The beguiler’s one-at-a-time, smallest-to-largest minigame seems like it might provide more fun and interest than most control effects.
Bone to Ash
Adding “draw a card” is the most hackneyed of variations to add to a basic effect, but that doesn’t mean you should never do it. (If you never did it, it wouldn’t be cliché.)
Call to the Kindred
The effect generated by this design is a neat one that I like. Is it worth the TLDR? Once or twice per set, yes. There are a couple more cards this dense (Huntmaster of the Fells, Jar of Eyeballs, Sorin, Lord of Innistrad), but not so many that I would call them on it. This one takes a lot of words to explain, but the concept is relatively clean. Once explained it’s clear what happens and it makes some sort of sense. Always check your complex designs for this attribute.
Chant of the Skifsang
Lucky number 13 makes more appearances in this set. Blue’s -X/-0 enchantments may never get bigger than this, so all you mudskippers better watch out!
Chill of Foreboding.
Flashback on a milling card is ironic, don’cha think? Having this hit all players is an interesting choice. Combined with flashback it makes a lot of sense to me. You want to hit more of them so you get “free cards” but if you are trying to mill the opponent you wouldn’t target yourself, so they solved this problem for you. This way it works in all milling decks.
Possibly my favorite counterspell ever. Counter-heavy decks are dull because after they counter your stuff they often sit around for 5 more turns until they draw their one finisher. This counter encourages you to always have some big spells on hand to get for free – both making your counter deck more interesting, and making the game more exciting. It also changes the decision around what to counter – a decision that hasn’t really been meddled with since Draining Whelk (and Mana Drain) – and yet it does so in a different way than those cards did.
Curse of Echoes
Pretty sure this horse is well past dead now. Can we be done with the “we all play the spell” cards for a few years now?

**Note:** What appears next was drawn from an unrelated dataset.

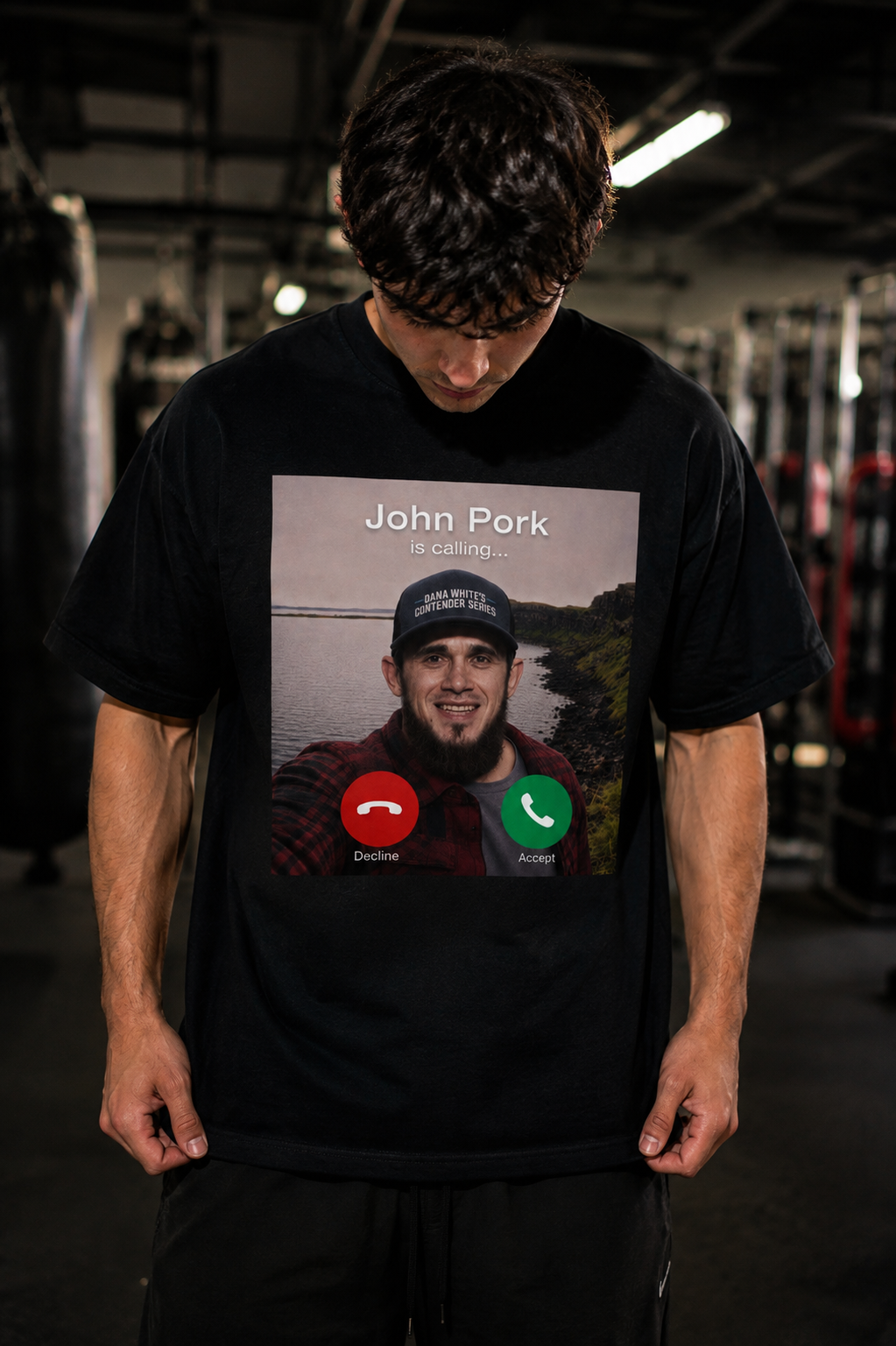 MMA John Pork is calling Tee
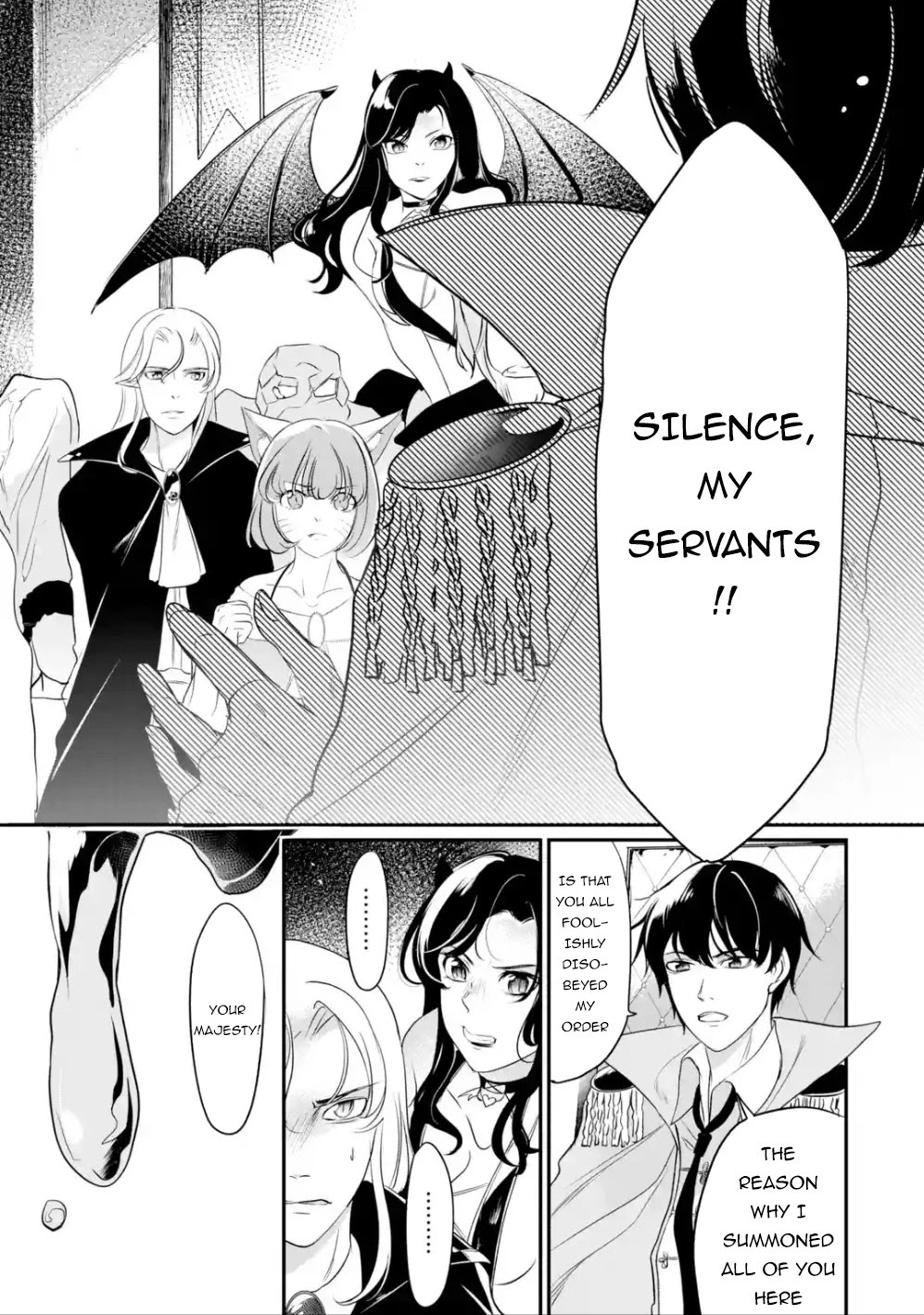 Mamono wo Shitagaeru "Teiin" wo Motsu Tensei Kenjya~ Katsute no Maho to Jyuma de Hissori Saikyo no Bokensha ninaru~ chapter 1.1 page 12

Something I like a lot about curses, and that this card exemplifies, is the way they single out one person in multiplayer games. Curse of Echoes can really make that person the center of attention in either a good or bad way, and lead to a lot of fun. If you need to win friends badly, you could cast it on yourself. This gives the card the potential to play very differently for you when you do that, and increasing diversity of experience is a great thing to design toward.
When you need a standard effect, don’t always try to reinvent the wheel.
Claustrophobia on a 3/3 is pretty exciting. The spirits really seem to be hitting the tapping theme hard in Dark Ascension. It’s weird to me that we saw absolutely none of that in Innistrad and now it’s all over the place. I would have thought if tapping was such a huge thing for them that it would have at least been hinted at (or present on a single card) in Innistrad.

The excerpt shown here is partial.